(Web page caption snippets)
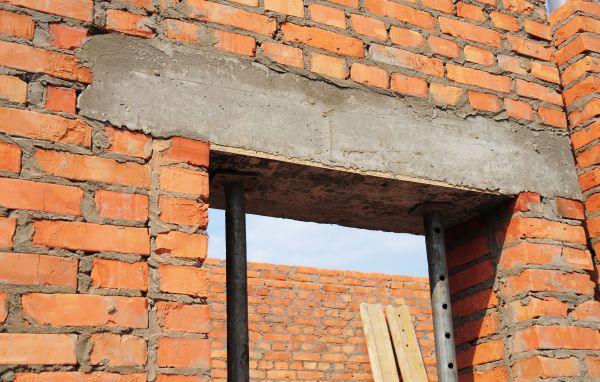 Lintel Mounting in Chesterfield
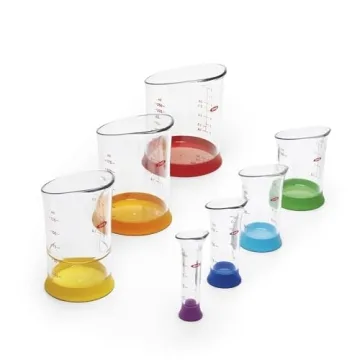 OXO Good Grips 7-Piece Measuring Beaker Set for Precision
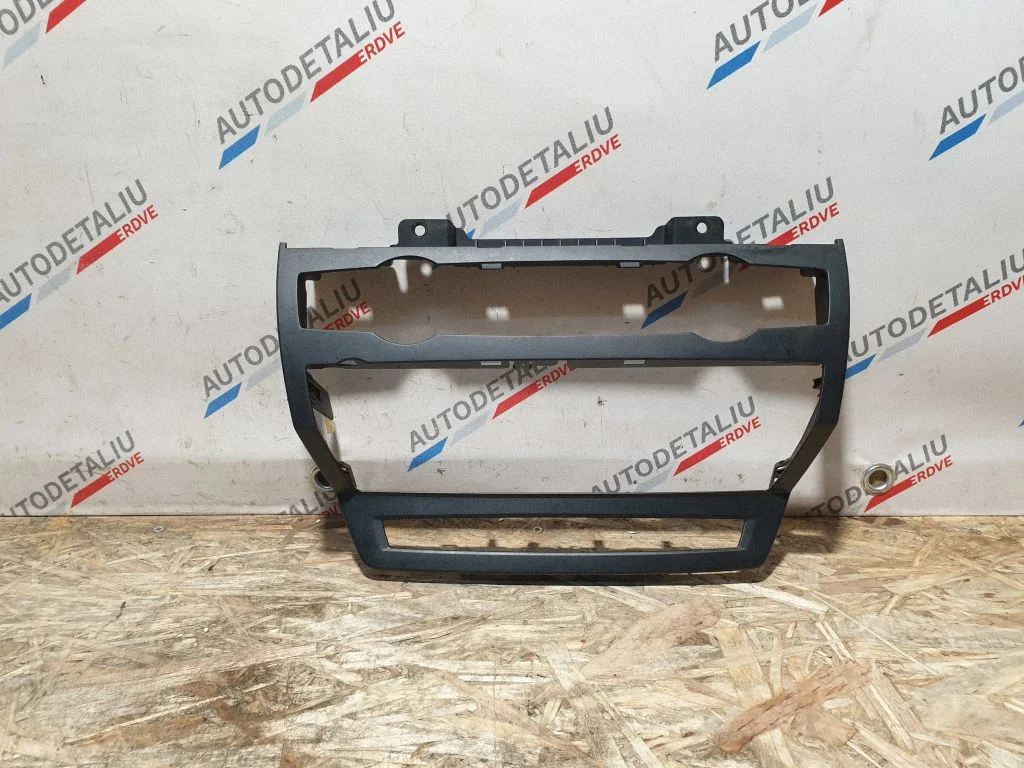 Climate control/heater control trim – BMW X5 E70 (2006-2013)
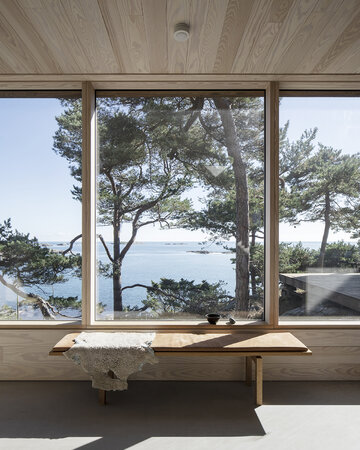 Saltviga House, projekt Kolman Boye Architects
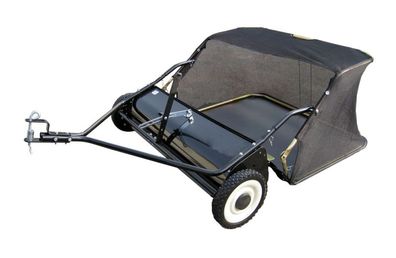 Laubkehrmaschine ATV Quad Aufsitzmäher 106 cm Arbeitsbreite Grasabschnitt Laub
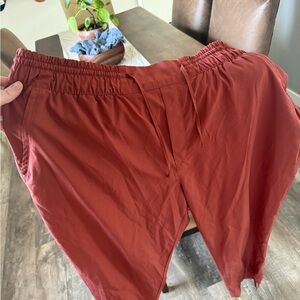 Old Navy Women's Rust Track Pants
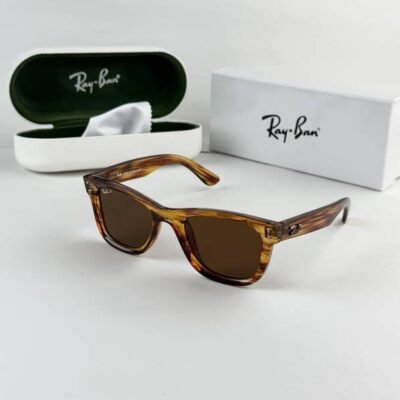 REY BAN BROWN REVERSE 0502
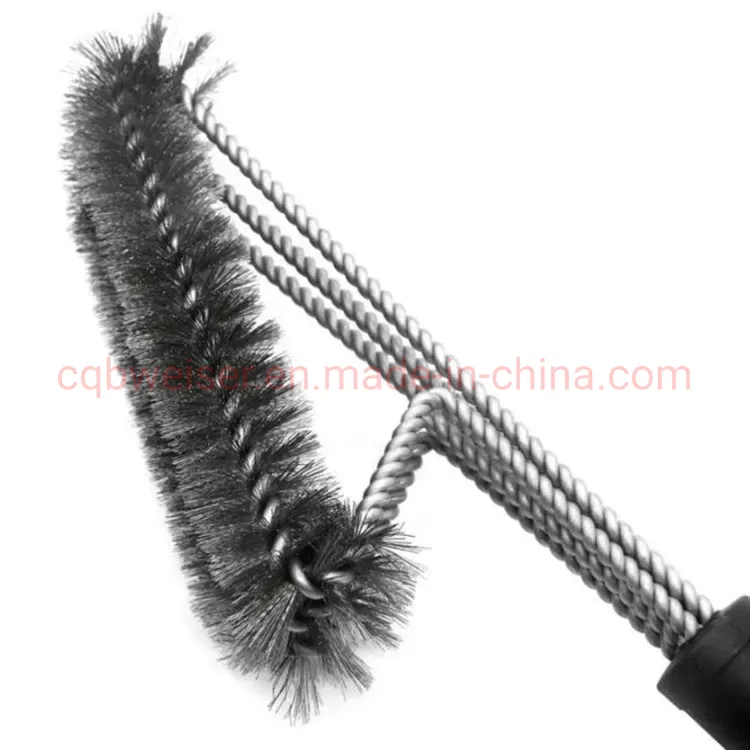 Grill Brush Detail 2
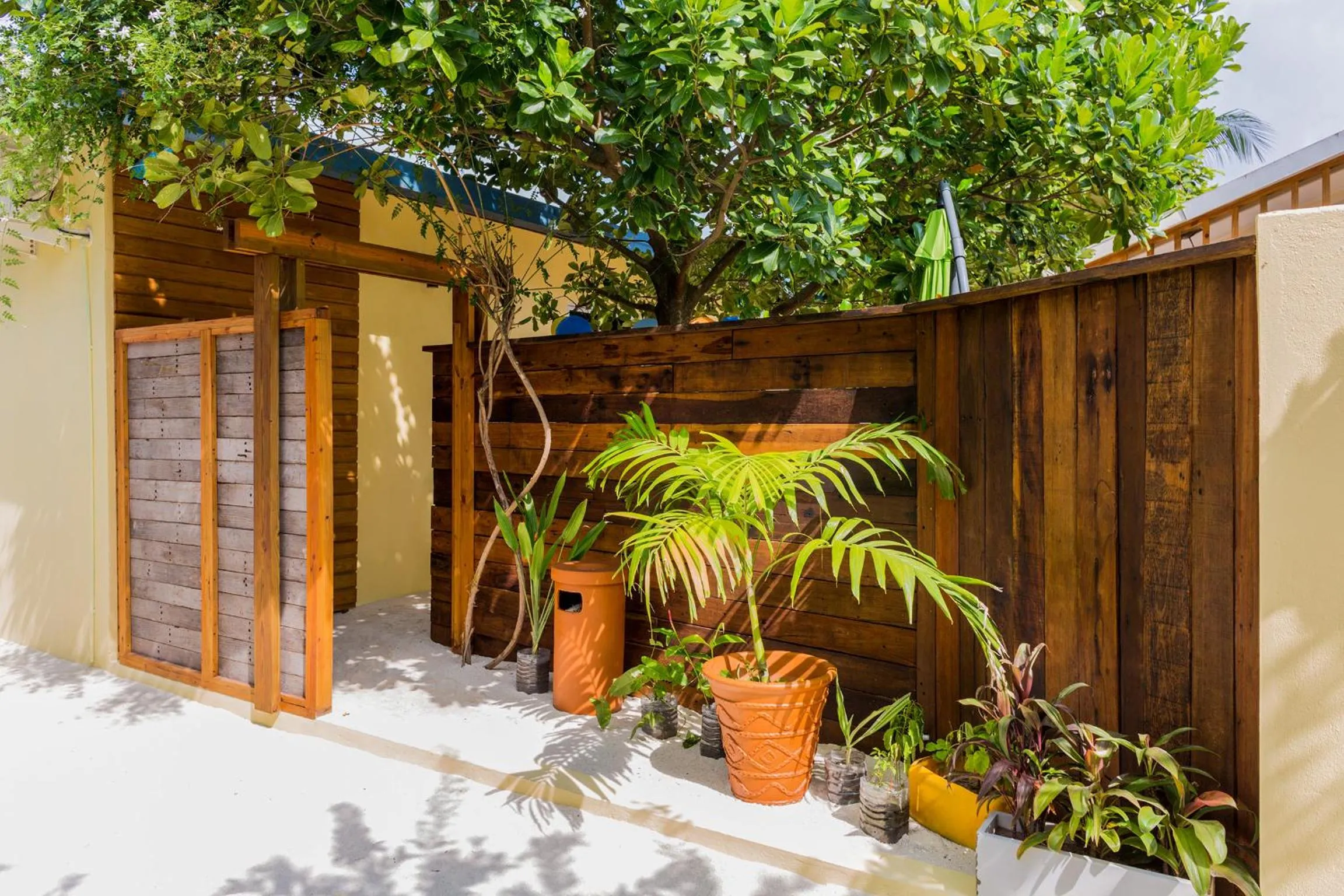 Facade/entrance in Holiday Garden Rasdhoo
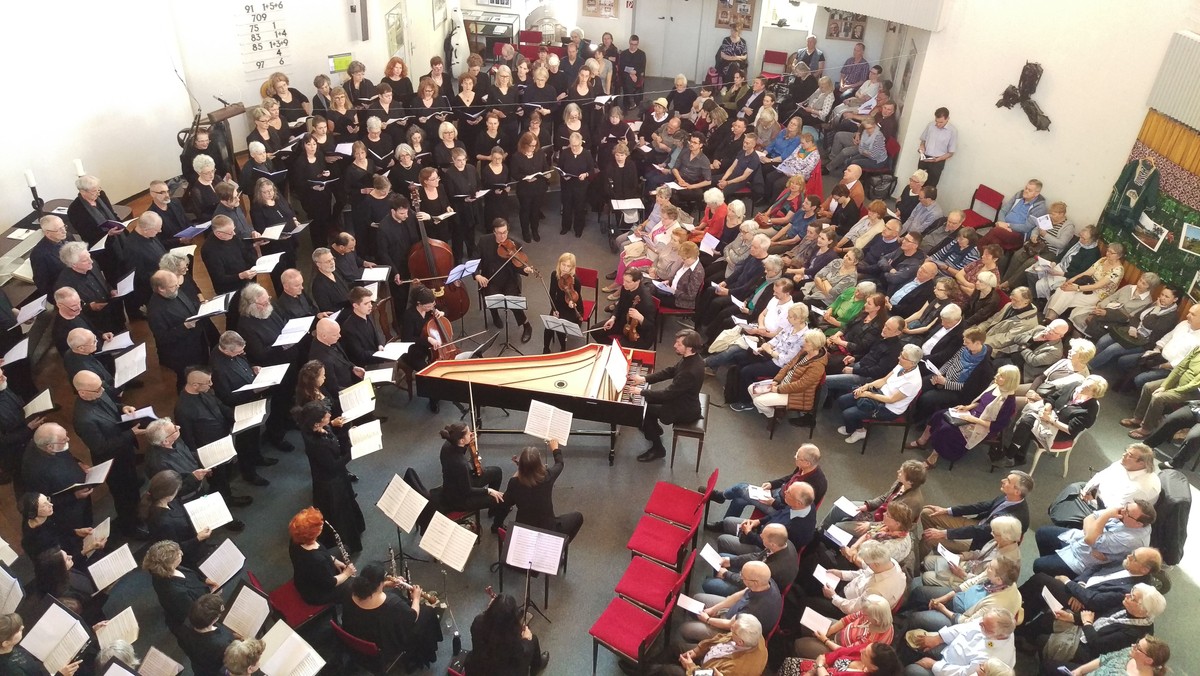 Kantor Christoph Hagemann erhält Geschwister-Mendelssohn-Medaille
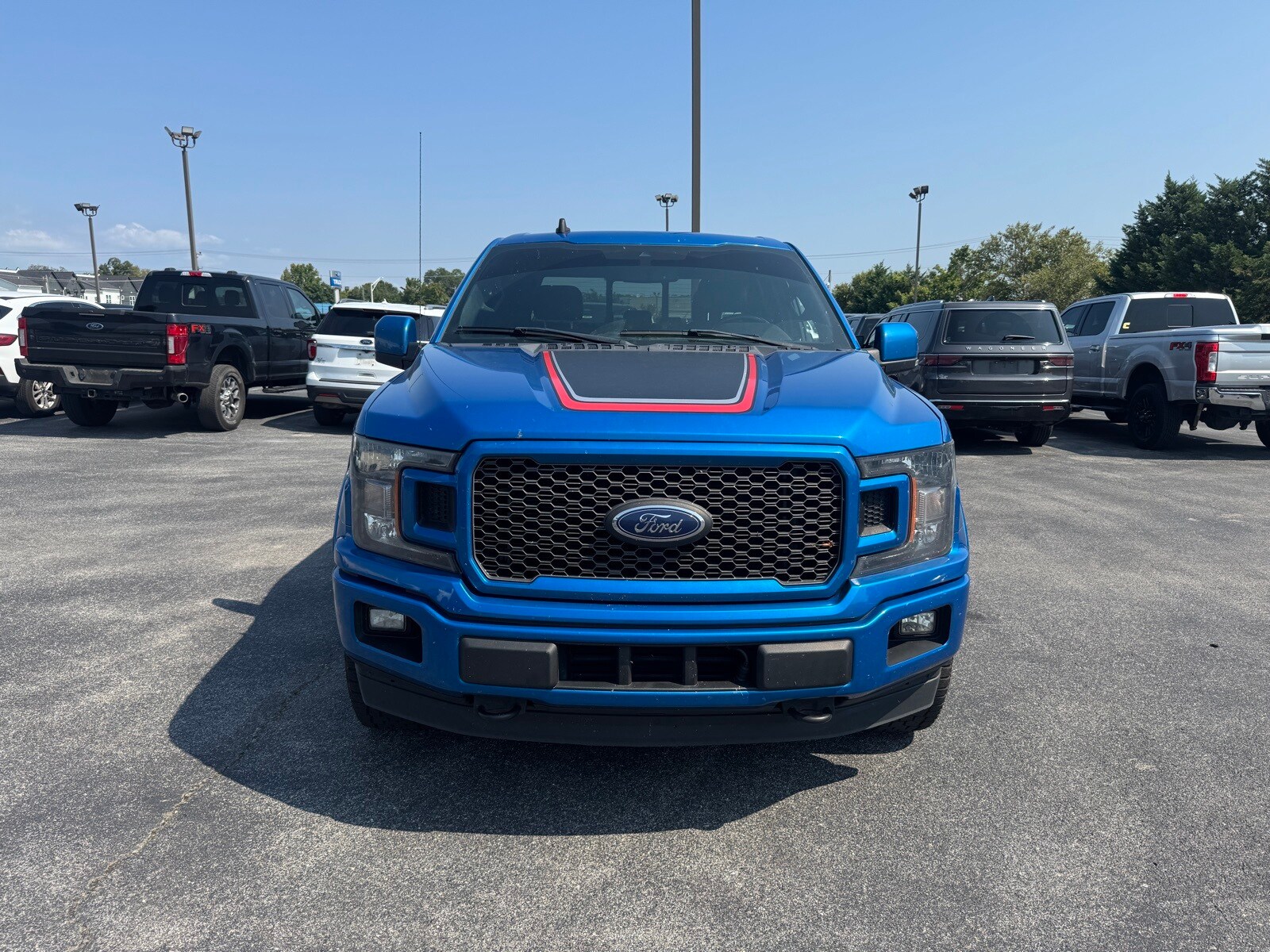 2020 Ford F-150 Lariat photo 4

■ What the task requires ■
Transcribe exactly the lines from the one containing "Saltviga House, projekt" through the last line of the records above, and nothing else. Leave out the pictures.

■ Expected output ■
 Saltviga House, projekt Kolman Boye Architects
 Laubkehrmaschine ATV Quad Aufsitzmäher 106 cm Arbeitsbreite Grasabschnitt Laub
 Old Navy Women's Rust Track Pants
 REY BAN BROWN REVERSE 0502
 Grill Brush Detail 2
 Facade/entrance in Holiday Garden Rasdhoo
 Kantor Christoph Hagemann erhält Geschwister-Mendelssohn-Medaille
 2020 Ford F-150 Lariat photo 4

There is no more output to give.